“Human,” the lead single from The Killer’s latest album Day and Age, poses a baffling question:
“Are we human, or are we dancer?”
Many were quick to point out that, although not all humans are dancers, most dancers are, in fact, humans. The two are not mutually exclusive, as this handy Venn diagram illustrates:
“Human or Dancer” is only one example of the many false dichotomies found in pop music. More logical fallacies, after the jump.
50 Cent, Get Rich or Die Tryin’
Though the phrase “get rich or die tryin'” doesn’t appear in any of the lyrics to 50 Cent’s songs, its use in his debut album and the feature film based on his life have made the phrase an integral part of Fiddy’s persona. “Get rich or die tryin'” assumes that the life of someone like Fiddy has only two possible outcomes: getting rich, or dying while attempting to reach that status.
However, even if one assumes that Fiddy’s ethos permits no other life goal besides “getting rich,” this is still a false dichotomy. Consider the scenario in which one attain great wealth, loses said wealth, and dies while trying to regain wealth. Here, “getting rich” was a discreet event as opposed to a permanent status. Fiddy may think that in “getting rich,” he will stay rich, but history has taught us that this is not always the case:
Black Sabbath, “Iron Man”
This song, a tale of a man who “traveled time/for the future of mankind,” packs three false dichotomies in a row. After he travels back in time and appears in the present, people wonder:
Can he see or is he blind?
Can he walk at all,
Or if he moves will he fall?
Is he alive or dead?
1. “Can he see or is he blind?”
Blindness can refer to the “complete lack of form and visual light perception” (No Light Perception, or NLP), but this only applies to about 10 percent of those considered legally blind. The rest can see, a little bit, just not well. Therefore, one can be blind as well as be able to see.
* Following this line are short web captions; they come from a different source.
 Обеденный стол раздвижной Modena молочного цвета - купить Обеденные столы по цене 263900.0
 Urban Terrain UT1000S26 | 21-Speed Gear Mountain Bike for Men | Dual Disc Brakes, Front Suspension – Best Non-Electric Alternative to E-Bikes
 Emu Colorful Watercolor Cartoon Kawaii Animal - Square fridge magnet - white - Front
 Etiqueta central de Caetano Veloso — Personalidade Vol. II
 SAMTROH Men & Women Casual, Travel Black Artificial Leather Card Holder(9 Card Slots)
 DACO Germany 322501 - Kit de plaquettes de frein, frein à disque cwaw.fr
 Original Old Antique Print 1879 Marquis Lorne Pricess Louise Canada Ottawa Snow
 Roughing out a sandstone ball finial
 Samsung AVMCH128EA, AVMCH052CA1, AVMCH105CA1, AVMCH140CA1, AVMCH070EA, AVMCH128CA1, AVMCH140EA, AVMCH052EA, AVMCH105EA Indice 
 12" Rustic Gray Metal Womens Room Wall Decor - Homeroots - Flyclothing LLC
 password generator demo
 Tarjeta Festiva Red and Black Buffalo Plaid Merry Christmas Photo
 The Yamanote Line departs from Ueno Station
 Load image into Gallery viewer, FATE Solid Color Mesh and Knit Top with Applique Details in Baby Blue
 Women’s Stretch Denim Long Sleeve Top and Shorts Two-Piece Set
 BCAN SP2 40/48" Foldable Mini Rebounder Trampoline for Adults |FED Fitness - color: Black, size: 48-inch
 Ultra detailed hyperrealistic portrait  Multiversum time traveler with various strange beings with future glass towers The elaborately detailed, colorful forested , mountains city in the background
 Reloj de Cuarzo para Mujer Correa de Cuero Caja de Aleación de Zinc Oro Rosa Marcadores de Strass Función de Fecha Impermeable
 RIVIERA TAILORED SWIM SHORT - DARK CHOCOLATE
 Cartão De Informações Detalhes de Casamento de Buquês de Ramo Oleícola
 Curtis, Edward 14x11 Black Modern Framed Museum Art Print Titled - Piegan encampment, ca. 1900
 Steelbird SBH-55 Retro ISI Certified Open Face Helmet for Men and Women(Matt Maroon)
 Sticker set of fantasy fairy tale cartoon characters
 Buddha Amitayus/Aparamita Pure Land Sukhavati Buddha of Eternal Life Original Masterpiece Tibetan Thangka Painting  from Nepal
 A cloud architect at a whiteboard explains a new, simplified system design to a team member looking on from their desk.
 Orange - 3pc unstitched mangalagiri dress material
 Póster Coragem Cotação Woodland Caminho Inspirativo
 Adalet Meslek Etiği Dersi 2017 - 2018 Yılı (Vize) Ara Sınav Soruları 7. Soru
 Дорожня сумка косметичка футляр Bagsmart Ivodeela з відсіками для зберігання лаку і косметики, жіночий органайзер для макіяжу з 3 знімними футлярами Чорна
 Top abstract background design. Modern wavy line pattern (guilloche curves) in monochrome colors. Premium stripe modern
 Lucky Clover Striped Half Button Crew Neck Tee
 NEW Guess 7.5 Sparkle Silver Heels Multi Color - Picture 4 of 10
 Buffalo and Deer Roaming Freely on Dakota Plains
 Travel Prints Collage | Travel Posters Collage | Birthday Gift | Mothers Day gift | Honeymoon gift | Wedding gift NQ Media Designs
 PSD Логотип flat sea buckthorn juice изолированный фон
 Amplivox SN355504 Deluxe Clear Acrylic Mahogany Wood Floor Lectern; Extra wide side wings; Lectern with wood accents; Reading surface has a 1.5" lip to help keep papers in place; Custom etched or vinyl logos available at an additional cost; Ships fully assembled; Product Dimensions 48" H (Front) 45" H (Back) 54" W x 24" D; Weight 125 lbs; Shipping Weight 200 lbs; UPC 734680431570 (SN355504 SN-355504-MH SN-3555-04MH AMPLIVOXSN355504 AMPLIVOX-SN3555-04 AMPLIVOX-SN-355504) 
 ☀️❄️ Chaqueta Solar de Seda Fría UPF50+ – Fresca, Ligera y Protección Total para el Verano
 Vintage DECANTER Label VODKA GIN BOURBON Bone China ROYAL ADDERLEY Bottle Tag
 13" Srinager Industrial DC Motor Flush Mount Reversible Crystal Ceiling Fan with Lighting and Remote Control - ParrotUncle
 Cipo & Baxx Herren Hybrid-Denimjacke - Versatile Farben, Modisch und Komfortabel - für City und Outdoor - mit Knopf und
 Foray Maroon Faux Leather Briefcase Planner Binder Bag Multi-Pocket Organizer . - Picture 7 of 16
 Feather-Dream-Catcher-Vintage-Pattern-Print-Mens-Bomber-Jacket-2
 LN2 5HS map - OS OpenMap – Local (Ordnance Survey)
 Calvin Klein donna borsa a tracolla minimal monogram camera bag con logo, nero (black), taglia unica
2. “Can he walk at all/Or if he moves will he fall?”
Plenty of people who can’t walk (that is, move themselves with the motion of their two legs), are still capable of mobility without falling:
3. “Is he alive or dead?”
Although “death” is typically thought of as a permanent state, there are several scenarios in which someone who is apparently “dead” can be brought “back to life,” via CPR or other means. And since the song belongs squarely in the realm of science fiction, things like zombies and vampires (the living dead) are totally on the table.
Team America: World Police, “Freedom Isn’t Free”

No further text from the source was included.